Each and every week Denise, aka GirlieontheEdge, regularly posts a Six Sentence Stories prompt word, and with great irregularity, I respond. Today I found that I had started a response to the September 21 prompt, ‘Choice‘. I remember that now, and also how I just stopped and dropped in the middle of the second part when I got busy with Life. But the most recent prompt word, ‘Need‘, works nicely to finish that off now that I am returned. You might recognize these characters who first appeared in a Six three years ago and have recurred, irregularly, ever since. The most relevant backstories to this 12-pack are Unto Us and The Pageant. The link up time for your own Six Sentence Story(ies) will be Wednesday at 6:00 PM. See you in Sixville!

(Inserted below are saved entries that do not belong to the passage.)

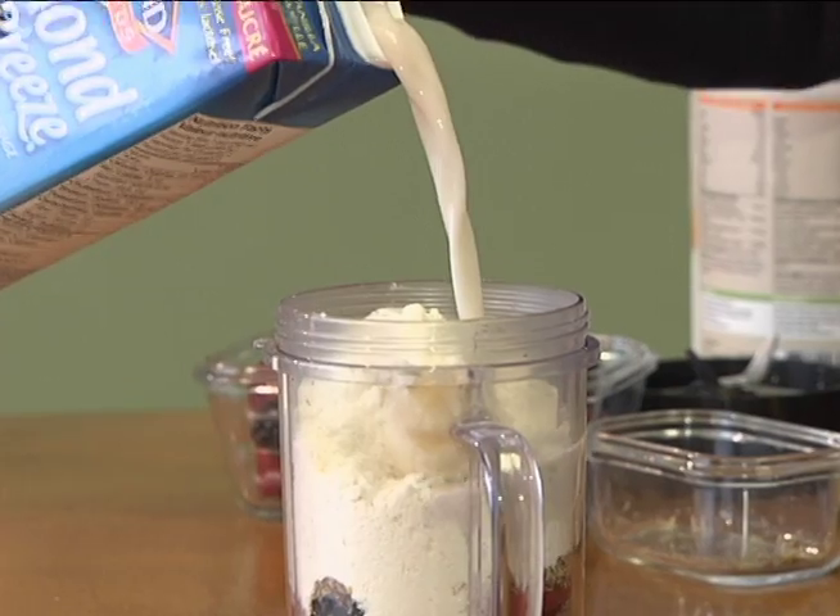And so I'm going to add some unsweetened almond milk. Almond milk is my milk alternative of choice. Among my patients, I do find that dairy is a common food sensitivity that can cause a variety of health concerns.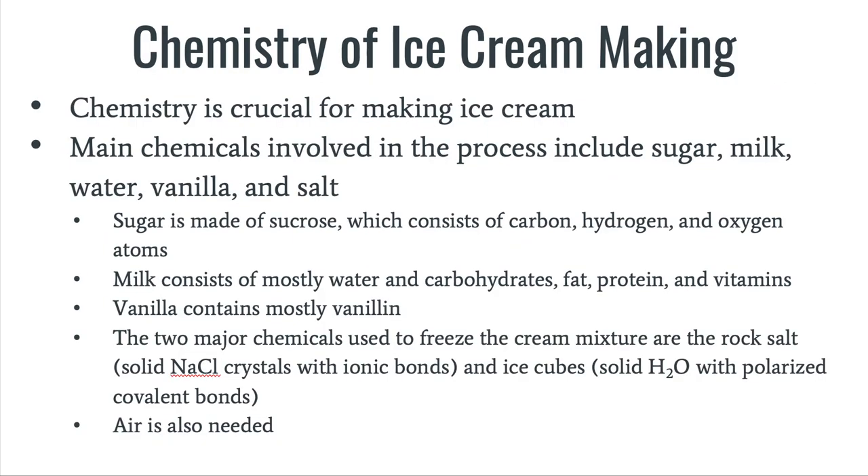Chemistry is crucial for making ice cream. The main chemicals involved in the process include sugar, milk, water, vanilla, and salt. Sugar is made out of sucrose, which contains carbon, hydrogen, and oxygen atoms. Milk consists of mostly water and carbohydrates, fat, protein, and vitamins.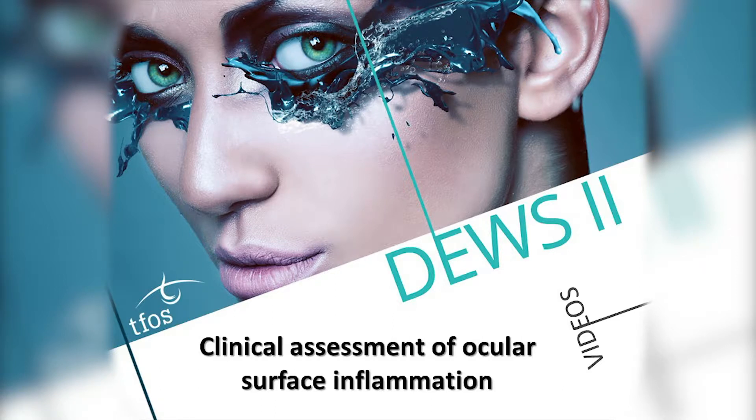MMP9 is a non-specific inflammatory marker present in the tears and ocular surface. There is a clinical immunoassay that detects the level of MMP9 and, based on a preset cut-off, provides a positive result when significant ocular surface inflammation is present.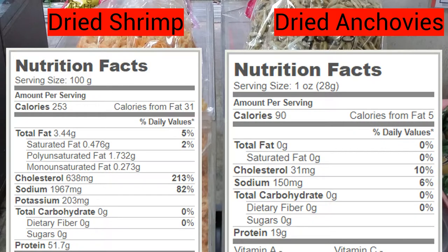Now let's take a look at the macros. Dried shrimp comes in at 253 calories, and only 31 of those are from fat — the rest is protein, zero carbs, and that's for 100 grams. Over with the dried anchovies, 28 grams gives you 90 calories, only 5 of them from fat, zero carbs.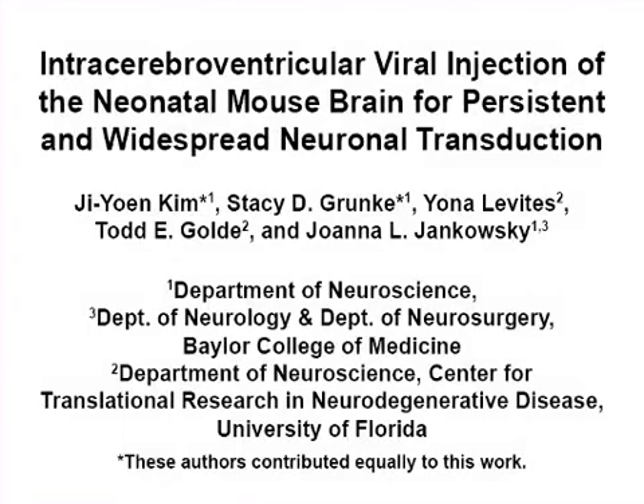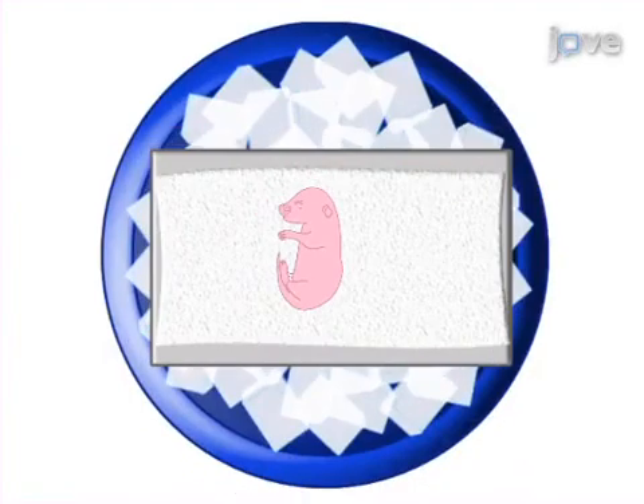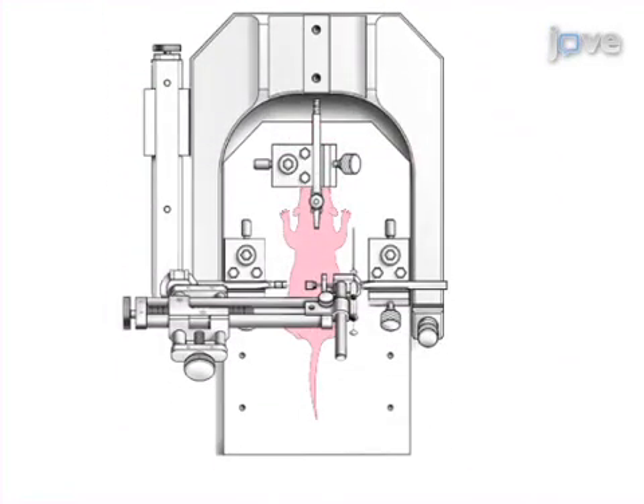The overall goal of this procedure is to virally transduce neurons throughout the brain. This is accomplished by cryo-anesthetization of newborn pups followed by transfer of the neonate to the cooled stage for injection.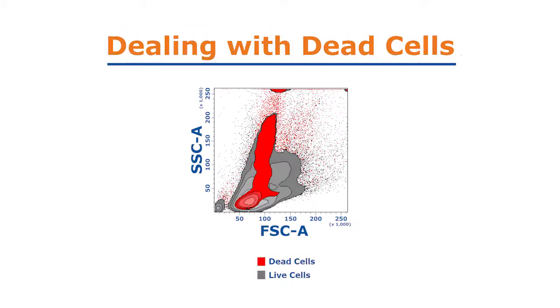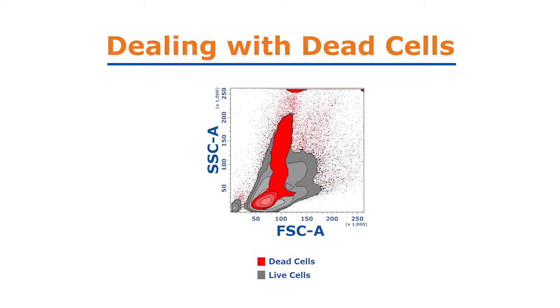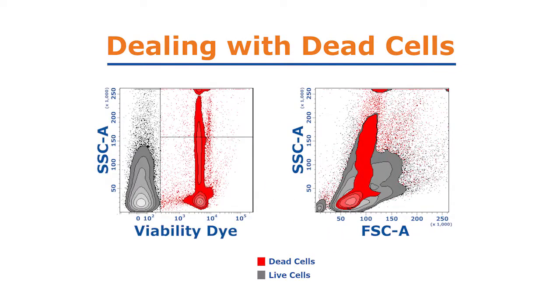Gating out dead cells can even improve your ability to gate on your population of interest. In these data showing mouse bone marrow, live leukocytes that are heavily contaminated with dead cells become easy to gate on once dead cells are removed.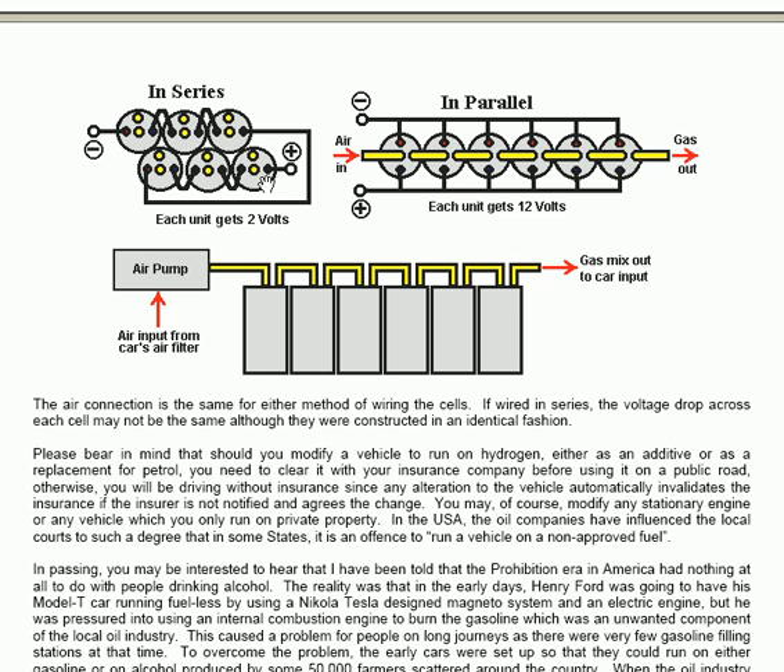The arrangement of the gas pipe is that air goes in through the air pump and is sucked also by the intake stroke of the cylinders. The gas mix is passed sequentially through the units, going out of the sixth as the most highly charged HHO gas mix, and it is then passed to the car input where it enters via the air inflow as normal. The air connection is the same for either method of wiring the cells electrically.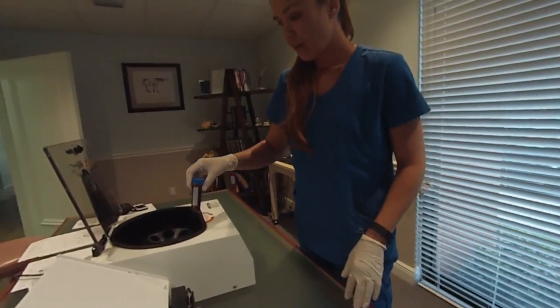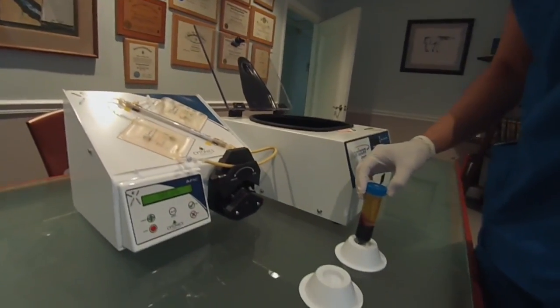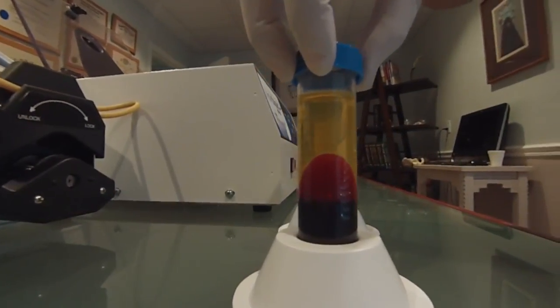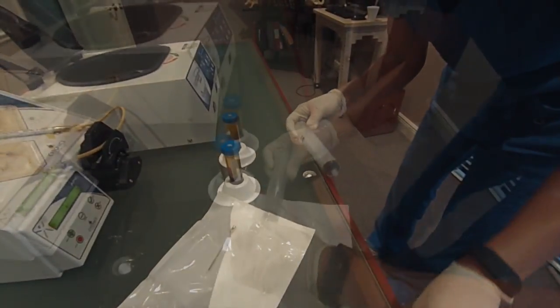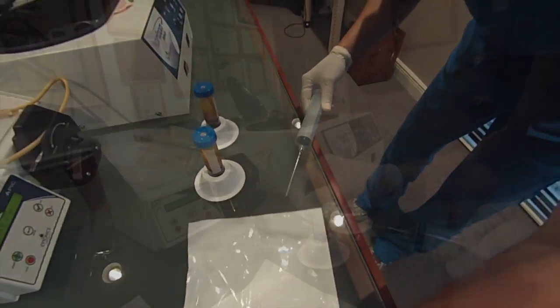Carefully load the tubes into the centrifuge. Close the lid and lock. When the cycle is complete, remove the tubes and place in the rack so the wall of red cells is facing away from you. Remove the metal plasma collection needle from the sterile packaging and connect to the 60mL syringe provided in kit number two.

Needing To Be Nice by D. Avery
Me and Gloria were sitting in my lounge drinking tea and sketching trees when the gray-haired man came in and sat in his usual spot at the end of the counter. Even from where we sat I could tell that he was even grumpier than he normally is and of course that got Katie going, I could tell by the way she held the coffee pot high over his empty cup, and then, even though she barely moved her lips, I heard her tell him he’d better start making better choices about how he conducted himself in this diner, that’s what she said, or she would choose not to serve him now or ever again. He looked around then, open mouthed, but the few people in the diner did not look his way and when he saw Gloria he closed his mouth and harumphed, and then he saw me, paused, and turned back to Katie to softly ask, “May I have some coffee, please?”
Katie poured it slow and careful, with her eyes on him the whole time, like a dare.
But then she softened her eyes and asked him if everything was all right.
“No,” he sobbed, “No, everything is all wrong and now it can never be righted.”
Choosing To Be Nice by D. Avery
Daddy stepped out from behind the grill to take this all in and Bob folded and put away the paper he’d been reading before going and standing beside my daddy.
It was Gloria who went and sat at the counter beside the gray-haired man and listened to him tell about his daughter who had run off for good a few years ago, with no word until the State Police contacted him recently to let him know that his one and only child was dead. This would be his little girl that he’d mentioned when I invited him to the Christmas pageant, the one that I remind him of because I look like her and I like to sing like she did.
I stayed in my lounge, the booth with the ripped seat and my art supplies, and couldn’t hear all that the gray haired man said, but I heard Gloria telling him we all live and die with the consequences of our choices, and I heard Bob say, with a hand on my daddy’s arm, ‘You don’t need to do this’. Then Katie was there and said, ‘Okay, but tell Penelope first.’
And so I found out that while I didn’t have a mother I did have a grandfather and Daddy said that I didn’t need to be nice to him, that the choice would always be mine.